Did you know that the air conditioner in your Fletcher, NC home doesn’t actually produce cold air? Instead, it uses refrigerant to absorb heat from the air inside your home and then distributes the air – that was cooled by releasing heat – back into your house. The evaporator coil is the vital component of your HVAC system where heat is absorbed and released.
Evaporator Coil Vs. Condenser Coil
The evaporator coil is one of two coils in your HVAC system. The other is the condenser coil. These two coils work together to remove heat from your home. Simply put, your HVAC system sends refrigerant to the evaporator coil to remove heat and humidity from the air. The refrigerant is then sent back outside to the condenser coil. From there, the refrigerant is cooled and sent back to the evaporator coil. This cycle repeats itself every time you use your air conditioner.
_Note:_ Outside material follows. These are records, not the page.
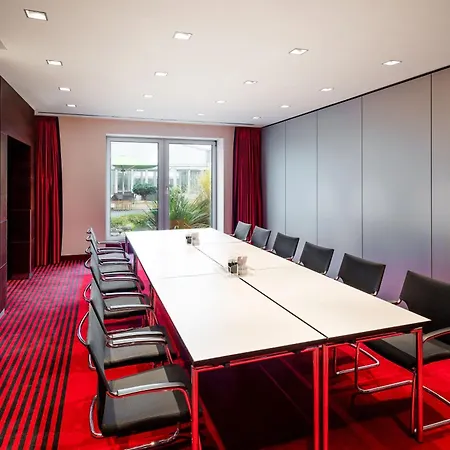 فندق شيراتون إيربورت 4*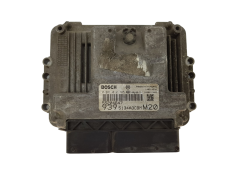 Steuergerät 0281012145 55204647 5134A3CBM Fiat Alfa Bosch 13775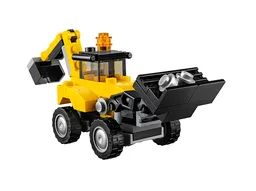 LEGO Construction Vehicles (31041) - afbeelding 2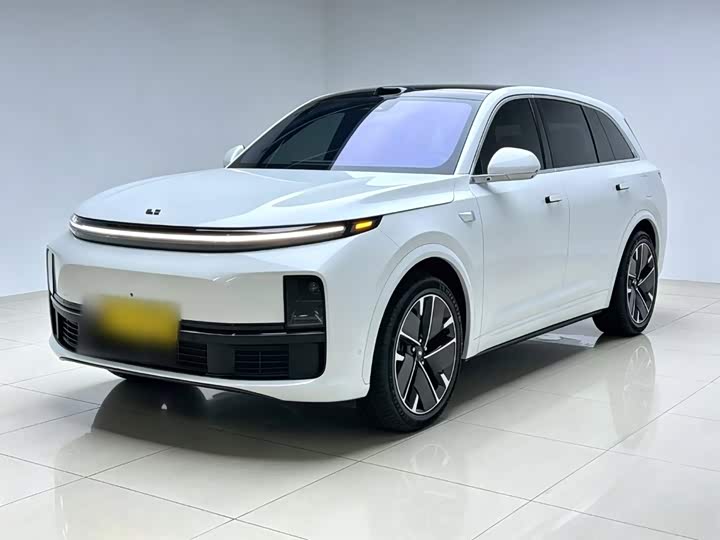 LiXiang L7, 2026 — купить в Уфе под ключ
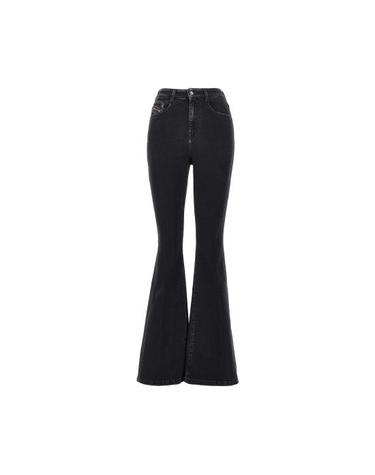 [해외직구] 26FW 디젤 데님 팬츠 A2275009P75 Black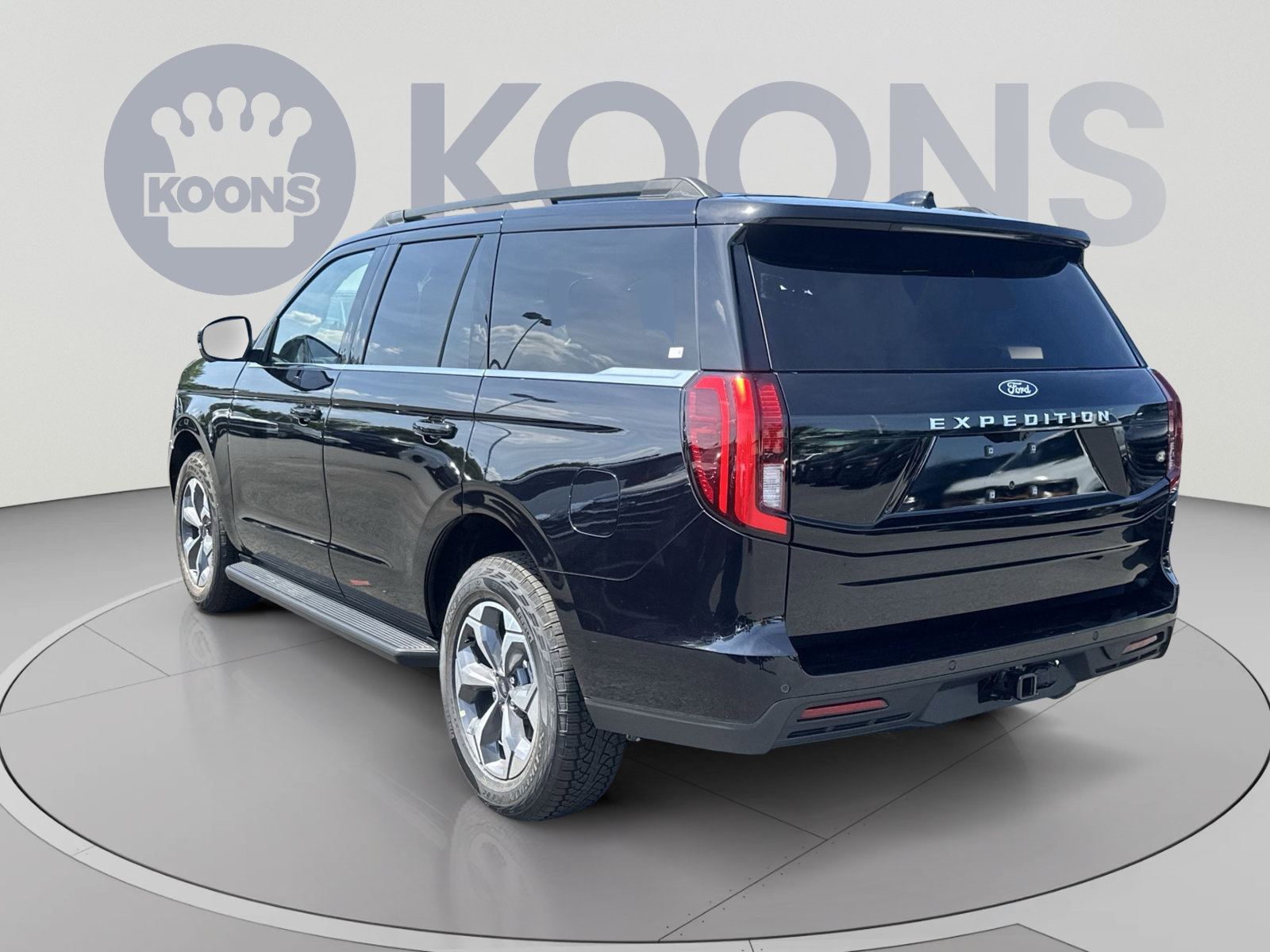 New 2027 Ford Expedition Active AWD/4WD image 14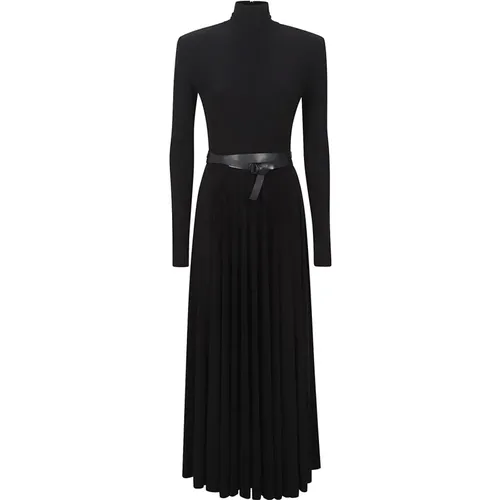 Dresses > Day Dresses > Midi Dresses - - Norma Kamali - Modalova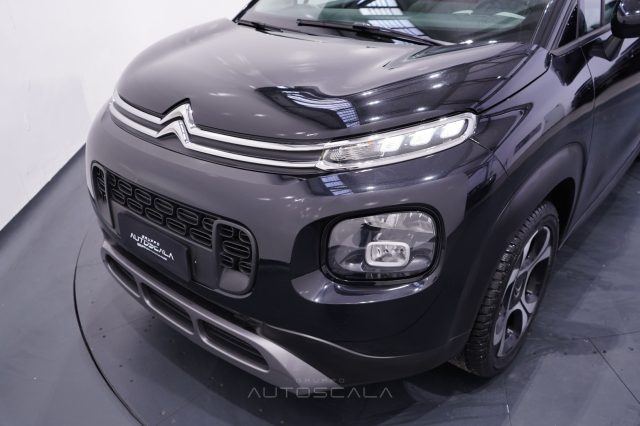 CITROEN C3 Aircross usata, con Sensori di parcheggio posteriori
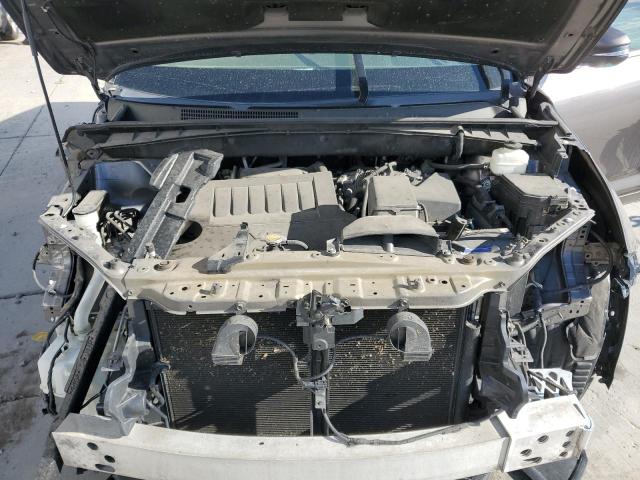 Photo 11 from auction – 2014 TOYOTA HIGHLANDER with VIN 5TDBKRFH4ES021751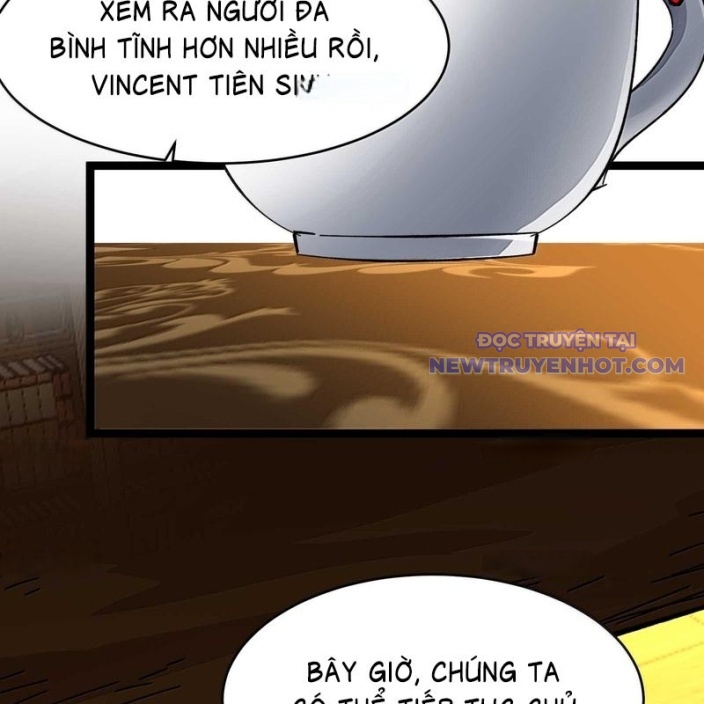 Sức Mạnh Của Ác Thần chapter 153 - Trang 5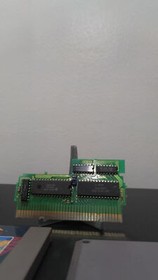 Mega Man NES CIB 5-Screw Dr. Wright Misprint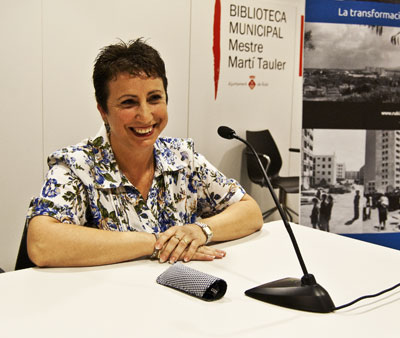 Presentación del libro "La catástrofe que marcó un pueblo"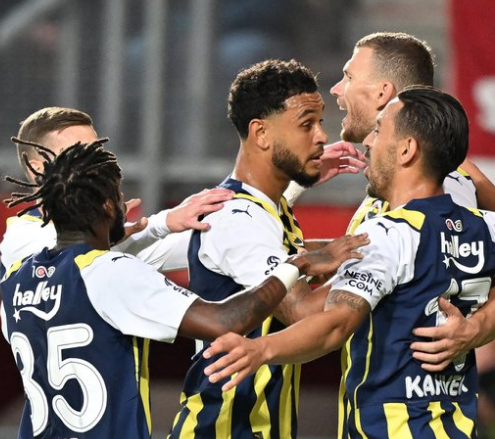 Foto - Fenerbahçe'de Krunic gelişmesi! İddia edilen: Ne yapıp edip onu almak istiyor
Evaporator coils must be well maintained to efficiently cool your home. When outdoor air is drawn inside, dirt and debris sometimes come, too. This debris can collect on the evaporator coil and make it harder for the coil to remove heat and humidity from the air. A technician will clean the coil to help prevent this problem during your annual maintenance visit.
You’ll find your HVAC unit’s evaporator coil inside your home close to your air handler. The coil is made from aluminum, copper, or steel because these metals conduct heat well. The evaporator coil is protected by fins that allow air to pass through.
Like any piece of machinery, your evaporator coil may need to be repaired occasionally. Condensation is more likely to accumulate on a dirty coil and freeze. A frozen evaporator coil can cause your system to overheat. Regular servicing and changing your filter are the best ways to prevent this from happening.